Love the ending, I spent many hours as a kid tormenting Dr.Sbaitso. You know it has quite a few easter eggs? such as making it angry will change the background red, and feeding it very short inputs of garbage over and over will make it reply with "Too little data, so I make big" at which point it changes the screen mode to enlarge all the fonts.
We had a Red Dwarf party circa 1996 and a housemate and I made a Talkie - he did most of the hardware (which was minimal: a speaker and a proximity and noise sensor, no cheap as chips face recognition back then) and I did all the software on my Amiga. It just played the original show's responses, of course, but there was a bit of structure in the randomisation. Like you, we preferred the original design, but unlike you, we didn't find a Smeg - we just found an old similar chrome toaster at a thrift store and used that. ^_^
I really like your channel and the commentary you provide. I was recommended your channel a while ago and every video you make is great, Please keep it up. I love your content and the detail you provide
I'm amazed that the BBC allowed the uncensored smeg insult back in 1988. I'm guessing that the Light Entertainment controller for BBC 2 didn't know it's meaning. Meanwhile me and my friends enjoyed the pseudo-rude word along with the irreverent humour. It wasn't quite The Young Ones but it did fill the gap left by that show. I don't know if the word was widely understood in the UK back then. We knew it and it's it's etymological roots but it wasn't part of our daily vocabulary, well not before 1988. For me it never had the same feeling as other pejoratives that were more commonly used. Great project. I've seen other devices that push and pull data to the cloud and they too suffer from the same lag. I don't know if this will be solved by faster networking or by increasingly powerful embedded computing. I wonder if the lag could be reduced by offloading the listening functionality to a discrete unit that passes each word back to the Pi. That way the words can be sent to the AI faster. I'm guessing that currently the software appends 'reply like a toaster' type suffix to the voice input and then sends a fully formed sentence to the AI. It would take a bit of programming to allow the AI or API to recombine the words into a sentence, but it would cut out quite a bit of the lag.

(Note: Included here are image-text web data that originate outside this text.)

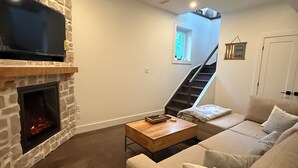 Una sala de estar con chimenea de piedra, un televisor de pantalla plana, un sofá y una escalera que conduce a un nivel superior.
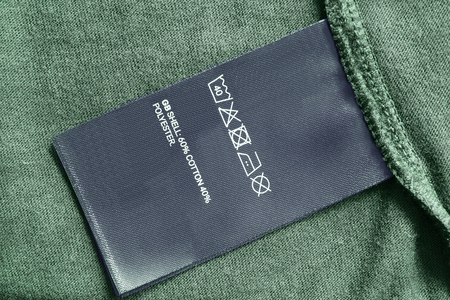 Care and composition clothes label on green textile background closeupの写真素材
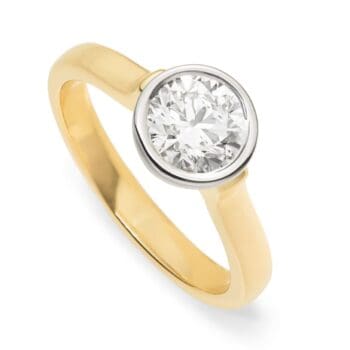 Floating diamond ring with 1.20ct round diamond bezel set in 14K yellow gold and platinum on finger size 7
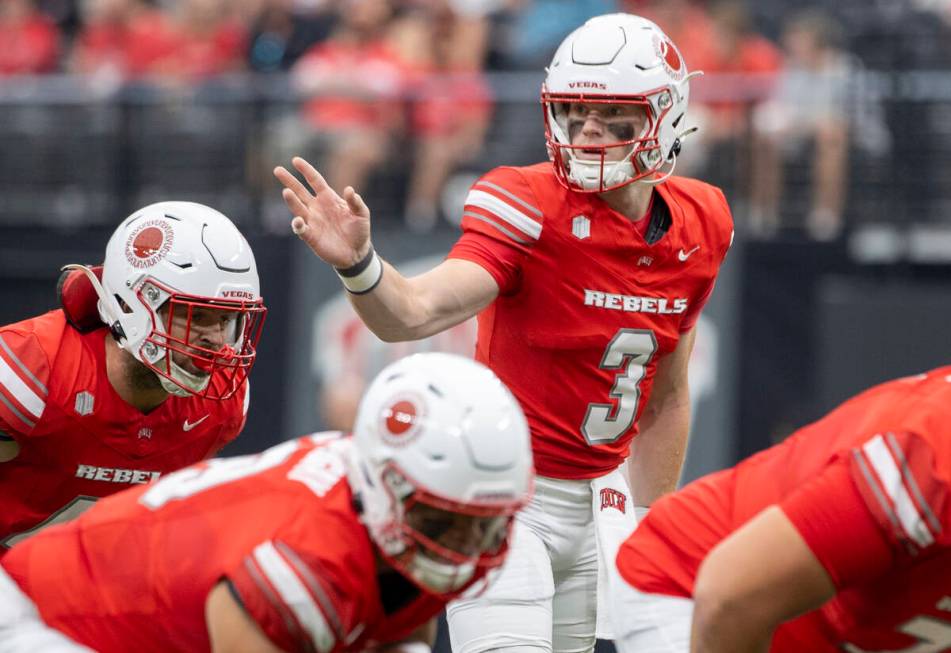 UNLV quarterback Matthew Sluka (3) directs the offensive line during the college football game ...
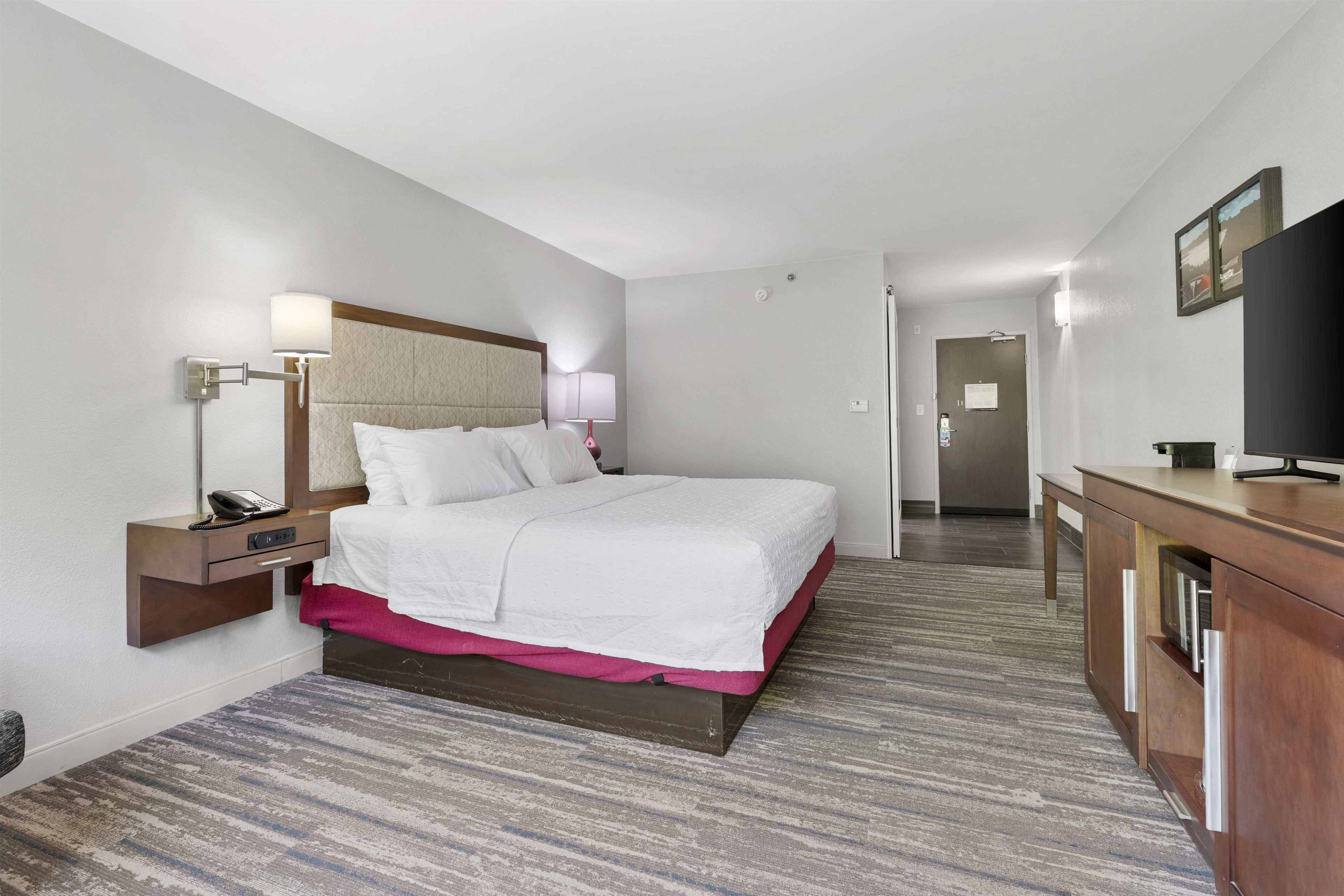 Una habitación de hotel con cama, mesita de noche, lámpara y televisor sobre un mueble de madera.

Still very few people understand where smeg comes from (and the writers still deny officially, as far as I know) Amazingly, the problem with lag and interruptions already seem to be solved, since this was posted. Was listening to Hard Fork podcast yesterday about a Golden Gate Bridge bot, that sounded perfect for this.
This machine and the Red Dwarf one have a dim cousin on The Max Headroom Show: 20 Minutes Into The Future: Edison wakes up in his apartment and his coffee machine is chirping COFFEE BEANS! COFFEE BEANS! COFFEE BEANS! at him...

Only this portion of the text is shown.